One year ago: Black and white cookies

Yummy, Easy Pineapple Skewered Shrimp
(adapted slightly from The Pioneer Woman Cooks)
-serves 4

A few notes: Although the Pioneer Woman herself used jumbo raw shrimp, I used 41-50 count precooked frozen shrimp to cut out a few steps and make this an easier last-minute kind of recipe.  No taste was sacrificed in the process :)  One final logistical note - I fit 3 shrimp and 3 pieces of pineapple per skewer. 

1-2 pounds peeled and deveined large shrimp, thawed
1 can (20 oz.) pineapple chunks in pineapple juice, juice reserved
3/4 cup low-sodium teriyaki sauce
1/3 cup diced yellow onion (about 1/2 medium onion)
1 1/2 Tablespoons minced garlic
1 Tablespoon granulated sugar
Dash of lime (or lemon) juice
Dash of salt
Bamboo skewers, cut in  half

In a baking dish, combine teriyaki sauce, onions, garlic, sugar, pineapple juice, lemon juice and salt.

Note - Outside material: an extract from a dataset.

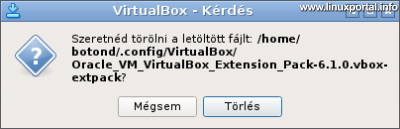 VirtualBox bővítőcsomag telepítése - Régi csomag eltávolítása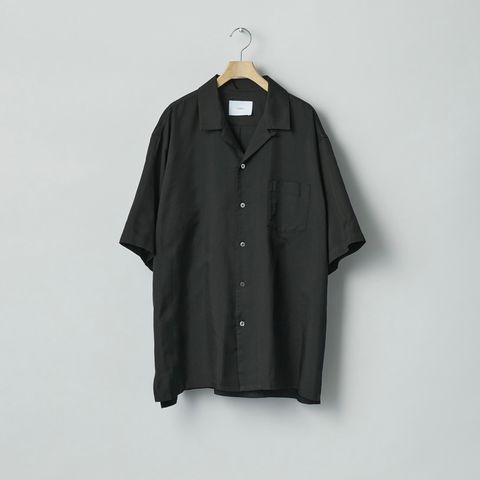 【残りわずか】Silk Cupro Twill Open Collar S/S Shirt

Mix these together well and set aside.  Stir shrimp into the marinade and marinate at least a couple of hours [I waited about 3 1/2].

Preheat grill or grill pan to high.  Skewer pineapple chunks with the shrimp and grill about 2 to 3 minutes per side on a very hot grill.  Flip again and cook until brown to just slightly blackened.  Plate and enjoy!

Update: They were even great reheated as leftovers for lunch the next day.  Skewers removed before microwaving, of course.